This section is under construction - I am coordinating with the GEOS-Chem developers to work on a download script from S3. Stay tuned!

I would like to refer you to the excellent GEOS-Chem on the Cloud guide if you have any questions.

Downloading WRF input data

Lots of different meteorological boundary and initial conditions can be used to drive the WRF model. Refer to this list of free data sets for driving WRF.

You can find more information on input data from the official WRF-GC guide.

Building WRF(-GC)

Configuring

Building WRF-GC is just like WRF-Chem. If you have used the above ~/.bashrc you will be ready to go - cd to your WRFV3 directory and ./configure WRF:

./configure -hyb

Noting that the -hyb option must be enabled for WRF 3.9.1.1 to include the sigma-eta hybrid grid, required by GEOS-Chem.

If you chose to use the Intel compiler set, choose icc/ifort with (dmpar) option; if you chose GNU, then choose gcc/gfortran with (dmpar) option.
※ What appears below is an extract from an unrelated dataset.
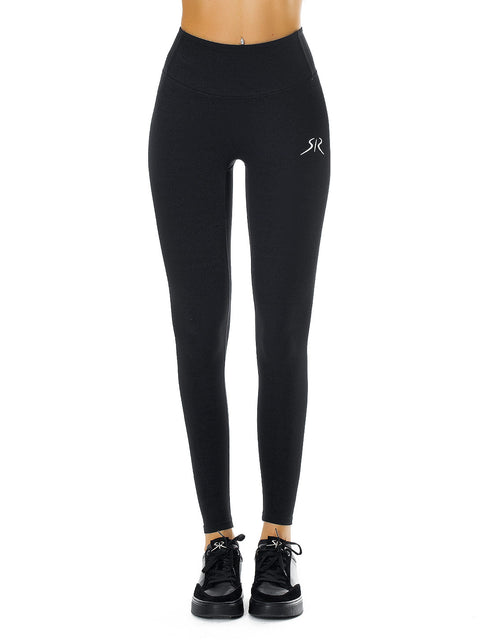 Black leggings with lifting effect and logo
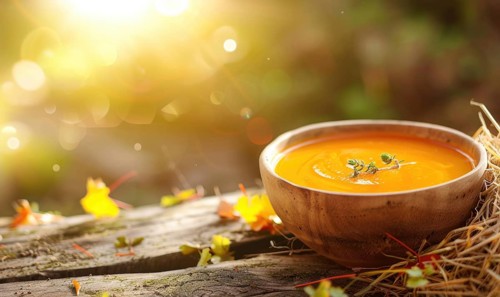 Carrot soup in a rustic bowl on a wooden table AI generated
Once configured successfully, proceed to install the WRF-GC registry file:

cd chem
make install_registry
cd ..

This step is mandatory - you may otherwise get Registry: errors during WRF-GC compile complaining about species not found.

Building WRF

Issue the compile command:

./compile em_real

You may want to run this in a screen, because the compile process takes quite long. Once finished WRF should tell you “Executables successfully built”. If you find errors you may want to look at my other “common compile problems” blog post 🙂

Building WPS

WRF requires meteorological fields (boundary and initial conditions) and configuration of the simulation domain before proceeding. You will also need to compile WPS (WRF PreProcessing System). The procedure is exactly the same as on a regular Linux cluster, noting a few important compile issues.

Download WPS and extract it in the same level as your WRFV3 folder:

wget https://github.com/wrf-model/WPS/archive/v3.9.1.tar.gz
tar -xvzf v3.9.1.tar.gz --directory WPS
rm v3.9.1.tar.gz

Configure WPS using the ./configure command, choosing (serial) and the appropriate compiler option. Compile using ./compile.

If you are experiencing issues compiling WPS and cannot find ungrib.exe: Edit WPS/configure.wps and look for COMPRESSION_LIBS, COMPRESSION_INCLUDE. Change these to the output of:

spack location -i [email protected]

By appending lib/ and include/ to the path. The JasPer library is required for compiling ungrib.exe, so if you cannot find -ljasper then this is the issue.

Preparing WRF input data and configuring WRF-GC (GEOS-Chem)

To prepare input data and more information on WPS, please refer to the WRF-GC user’s guide.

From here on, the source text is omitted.